Allen has also collaborated with doctoral students on research outside of chronic pain, including the discovery and application of what he calls a “curiously useful” treatment for vertigo based on electrical stimulation of the bottoms of the feet—another idea sparked by a student’s question in class.
We enter the clinic, where the main room hums with activity. One student encourages a patient ascending a flight of training stairs; another holds out an arm to steady a man on a wobbling balance board. A staged living space down the hall allows clients to safely practice activities like showering or getting off the couch.
It’s taken some time for Allen to get used to Weyerhaeuser, which opened in 2011—he never minded the pink portables with peeling paint that previously housed the PT/OT program, where he once had to choose between heating his office and the welfare of a family of raccoons living under the floor. But if the structures were temporary, the program could be as well. “The investment in the new building offered a sense of value and commitment to the programs,” he says. “There was no question we’d remain here.”
A few days before my deadline, I receive an email from Allen: “Quick update. I’ve elected to fully retire at the end of this academic year, after I teach my last clinical class in the spring.” He includes a picture of Loki, staring dolefully up at the camera.

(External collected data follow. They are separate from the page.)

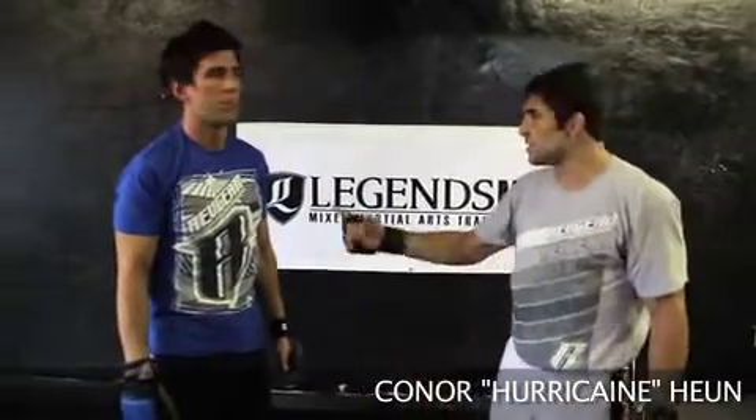Hi, I'm Conor Hurricane Hume and this is Curtis Hembroff. We're here at Legends MMA in Hollywood, California bringing you Rev Gear Technique of the Week.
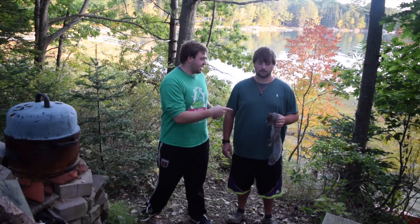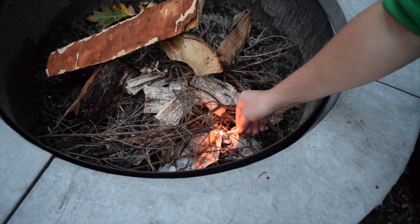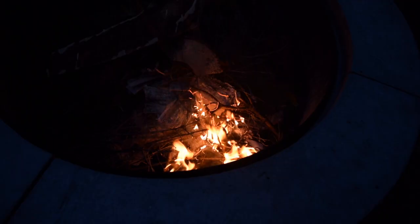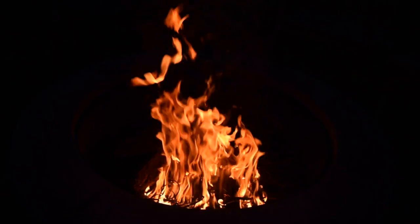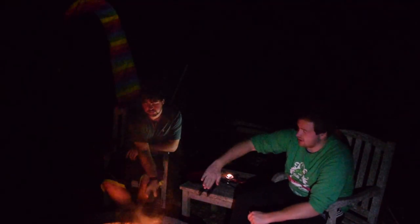Well, today Brandon just got a gray squirrel, and we're going to do a hunt and cook. It's in a little crate, and just nice and easy over the fire, nice and low and slow, and we're good to go.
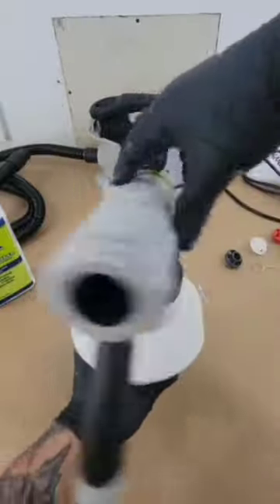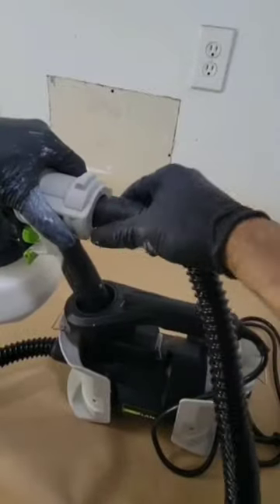After straining the paint and adding some water to thin it out, I went ahead and connected the hose, and then I was ready to rock.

Allen says he’s never had much trouble closing chapters, even one that defined so much of his life. But before this one ends, he hopes to teach his most engaging, relevant class yet. “There are recent developments in the field that will change medicine significantly, that will change the way students approach the profession,” he says. “I want to carry that into this last class.” Those developments involve a new approach to neuroplastic intervention—increasing the brain’s plasticity and responsiveness to remodeling. Combined with therapy, the approach could radically change the effectiveness of treatments to help restore movement, function, cognition, and communication. It also could reduce the suffering that comes with many disorders and chronic pain states.
Then it’s on to unlimited time with Loki and continuing guitar lessons. Allen has played for about 10 years but is now studying music theory with a jazz teacher—he wants to be able to improvise. It’s the hardest thing he’s ever tried to learn, “much harder than neuroscience.” And any day he’s able to work with his hands, to be creative and productive in some way, will be a good one.
When we talked last, he was waiting to receive a shipment of rosewood for a guitar he’s building by hand, clearly thrilled at the prospect. If there’s one thing that’s clear about Roger Allen, it’s that he doesn’t do anything halfway.